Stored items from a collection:
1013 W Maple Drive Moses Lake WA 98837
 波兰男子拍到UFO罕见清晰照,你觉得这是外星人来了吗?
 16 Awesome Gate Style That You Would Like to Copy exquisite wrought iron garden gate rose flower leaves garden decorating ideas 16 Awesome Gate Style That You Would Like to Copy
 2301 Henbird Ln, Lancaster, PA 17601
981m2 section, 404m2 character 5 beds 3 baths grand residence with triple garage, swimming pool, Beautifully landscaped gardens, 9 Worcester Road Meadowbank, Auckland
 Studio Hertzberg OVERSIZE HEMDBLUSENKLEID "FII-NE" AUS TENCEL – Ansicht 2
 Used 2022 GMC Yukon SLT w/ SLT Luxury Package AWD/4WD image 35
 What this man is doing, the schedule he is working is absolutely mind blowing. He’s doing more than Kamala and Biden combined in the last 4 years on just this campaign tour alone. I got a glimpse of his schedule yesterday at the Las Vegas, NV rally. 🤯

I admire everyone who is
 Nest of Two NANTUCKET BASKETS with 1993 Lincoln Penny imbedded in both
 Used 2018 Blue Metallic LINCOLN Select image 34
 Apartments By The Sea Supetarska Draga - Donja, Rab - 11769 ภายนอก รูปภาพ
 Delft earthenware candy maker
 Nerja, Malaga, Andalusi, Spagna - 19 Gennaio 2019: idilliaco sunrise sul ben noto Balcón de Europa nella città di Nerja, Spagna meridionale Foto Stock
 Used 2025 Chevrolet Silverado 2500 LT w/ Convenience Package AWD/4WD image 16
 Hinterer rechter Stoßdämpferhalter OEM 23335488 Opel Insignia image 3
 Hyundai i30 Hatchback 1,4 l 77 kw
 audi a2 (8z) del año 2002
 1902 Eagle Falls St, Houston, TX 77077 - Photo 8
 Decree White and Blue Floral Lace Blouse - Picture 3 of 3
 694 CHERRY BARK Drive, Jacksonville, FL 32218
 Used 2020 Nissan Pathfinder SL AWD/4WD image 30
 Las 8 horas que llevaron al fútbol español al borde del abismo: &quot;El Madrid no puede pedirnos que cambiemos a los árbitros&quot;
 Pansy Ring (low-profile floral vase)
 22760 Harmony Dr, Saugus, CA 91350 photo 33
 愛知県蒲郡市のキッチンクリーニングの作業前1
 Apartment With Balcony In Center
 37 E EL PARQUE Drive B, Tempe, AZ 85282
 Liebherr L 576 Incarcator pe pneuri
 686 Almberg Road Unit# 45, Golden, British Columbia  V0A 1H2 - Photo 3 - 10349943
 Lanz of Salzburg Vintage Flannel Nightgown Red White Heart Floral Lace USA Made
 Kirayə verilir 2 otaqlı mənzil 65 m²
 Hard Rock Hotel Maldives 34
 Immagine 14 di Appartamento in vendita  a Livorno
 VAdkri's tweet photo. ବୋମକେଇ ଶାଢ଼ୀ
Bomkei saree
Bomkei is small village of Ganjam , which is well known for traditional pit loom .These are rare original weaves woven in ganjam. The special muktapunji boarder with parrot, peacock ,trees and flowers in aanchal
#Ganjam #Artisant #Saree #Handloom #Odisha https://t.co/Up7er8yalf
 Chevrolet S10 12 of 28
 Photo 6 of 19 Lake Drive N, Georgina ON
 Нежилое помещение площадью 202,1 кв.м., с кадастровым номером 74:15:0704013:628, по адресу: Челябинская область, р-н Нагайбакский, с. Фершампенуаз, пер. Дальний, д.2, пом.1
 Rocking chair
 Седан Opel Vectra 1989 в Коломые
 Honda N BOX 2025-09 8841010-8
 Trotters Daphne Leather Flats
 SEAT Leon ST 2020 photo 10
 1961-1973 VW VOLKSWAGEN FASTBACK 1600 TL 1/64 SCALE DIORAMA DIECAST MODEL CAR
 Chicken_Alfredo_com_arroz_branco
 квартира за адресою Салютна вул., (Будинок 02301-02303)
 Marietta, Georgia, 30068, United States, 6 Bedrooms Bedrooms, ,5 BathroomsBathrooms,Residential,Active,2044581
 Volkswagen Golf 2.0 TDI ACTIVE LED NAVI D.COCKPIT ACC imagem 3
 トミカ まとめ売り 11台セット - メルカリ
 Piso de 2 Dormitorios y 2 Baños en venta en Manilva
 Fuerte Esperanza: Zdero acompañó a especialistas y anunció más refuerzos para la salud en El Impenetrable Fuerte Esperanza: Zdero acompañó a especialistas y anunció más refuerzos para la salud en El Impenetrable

# Exercise goal:
Starting at the line above that contains "Apartment With Balcony In Center", repeat each line exactly up to and including the line that contains "686 Almberg Road", and stop there.

# Result:
 Apartment With Balcony In Center
 37 E EL PARQUE Drive B, Tempe, AZ 85282
 Liebherr L 576 Incarcator pe pneuri
 686 Almberg Road Unit# 45, Golden, British Columbia  V0A 1H2 - Photo 3 - 10349943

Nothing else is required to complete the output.